Specifying Syntax: Regular expressions and context-free grammars

Regular expressions are formed by the use of three mechanisms
- Concatenation
- Alternation
- Repetition (aka Kleene closure)

Specifying Syntax: Regular expressions and context-free grammars

A context-free grammar adds one more mechanism: recursion

Tokens and regular expressions

Tokens are the basic lexical unit for a programming language
- In C for instance, "while" and "return" are tokens, as are identifier names, such as "printf", as well as operators and parentheses
- (N.B. - parentheses are bizarrely called "punctuators" in the C family of languages, which is neologistic at best since previously "punctuator" merely referred to a person doing punctuation.)

Tokens and regular expressions

Tokens are specified by regular expressions

Tokens and regular expressions

Consider the regular set for numeric expressions given in the text on page 44:

$$number \rightarrow integer | real $$ $$integer \rightarrow digit\ digit* $$ $$real \rightarrow\ integer\ exponent\ |\ decimal\ (\ exponent\ |\ \epsilon\ )$$ $$decimal \rightarrow\ digit*\ (\ .\ digit\ |\ digit\ .\ )\ digit*$$ $$exponent \rightarrow\ (\ e\ |\ E\ )\ (\ +\ |\ -\ |\ \epsilon\ )\ integer$$ $$digit \rightarrow\ 1\ |\ 2\ |\ 3\ |\ 4\ |\ 5\ |\ 6\ |\ 7\ |\ 8\ |\ 9\ |\ 0$$

Tokens and regular expressions

Notice that there is no recursion in the previous set of rules.

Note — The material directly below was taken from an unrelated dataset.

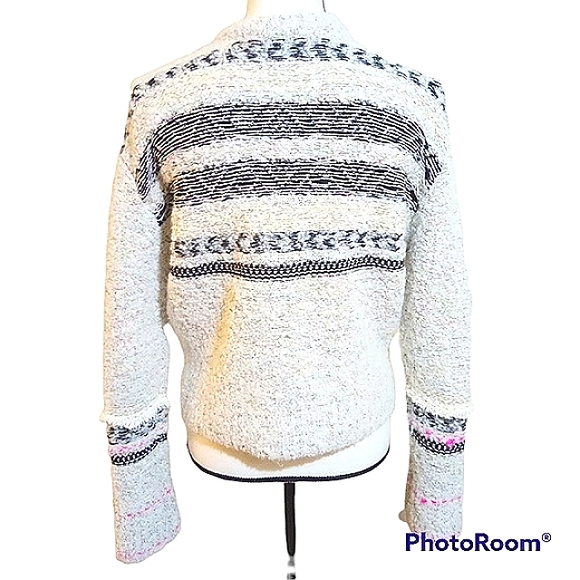 FREE PEOPLE COLOR POP HENLEY PULLOVER SWEATER SZ S EMBROIDERY FRINGE TRIM BOHO - Picture 5 of 15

Were there even an indirect recursion, this would not describe regular expression but instead a context-free grammar.

Tokens and regular expressions

You can consider the previous set of rules as a generator for the initial token "number"; starting with the first rule, you can expand each.
For instance,

$$number \Rightarrow integer \Rightarrow digit\ digit*$$ $$\ \Rightarrow 1\ digit* \Rightarrow 1\ 3\ digit* \Rightarrow 1\ 3$$

Character sets and formatting issues

Some languages ignore case (most Basics, for instance); many impose rules about the case of keywords / reserved words / built-ins; others use case to imply semantic content (Prolog and Go, for instance)
Some languages support more than just ASCII

Character sets and formatting issues

Most languages are free format, with whitespace only providing separation, not semantics
However, line breaks are given some significance in some languages, such as Python and Haskell
There are even modern languages like Python and Haskell that do care about indentation to one or degree or another

Character sets and formatting issues

In contrast, there were languages that had quite rigid rules about line formatting (Fortran and RPG come to mind here.)

Other applications of regular expressions

Of course, regular expressions are widely used in scripting languages (Perl's "regular expressions" in particular have had wide acceptance in other languages, and are generally available in the Linux environment via libpcre)
What Perl calls a "regular expression" is actually more than just a regular expression, and indeed for some time the Perl developers had planned to rename them to just "rules" in Perl 6 but have backed off of that decision

Other applications of regular expressions

One of the most popular extensions to regular expression syntax is the ability to, while matching, specify portions of the match.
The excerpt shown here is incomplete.